= TASK DIRECTIONS =
In the listing below, find the line with "Qualitätsmanagement" and the line with "1 turno - PESQUISA". Repeat those two lines and all lines between them exactly.

= MATERIAL PROVIDED =
□ □ □ □ □ □ □
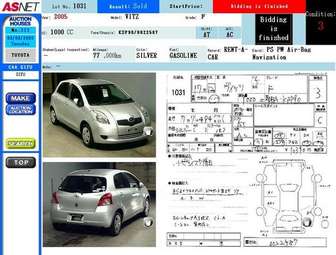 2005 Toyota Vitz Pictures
□ □ □ □ □ □ □
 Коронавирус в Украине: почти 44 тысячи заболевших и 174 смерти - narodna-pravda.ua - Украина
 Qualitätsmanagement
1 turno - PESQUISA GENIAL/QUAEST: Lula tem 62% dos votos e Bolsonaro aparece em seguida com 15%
□ □ □ □ □ □ □
= EXERCISE OUTPUT =
 Qualitätsmanagement
1 turno - PESQUISA GENIAL/QUAEST: Lula tem 62% dos votos e Bolsonaro aparece em seguida com 15%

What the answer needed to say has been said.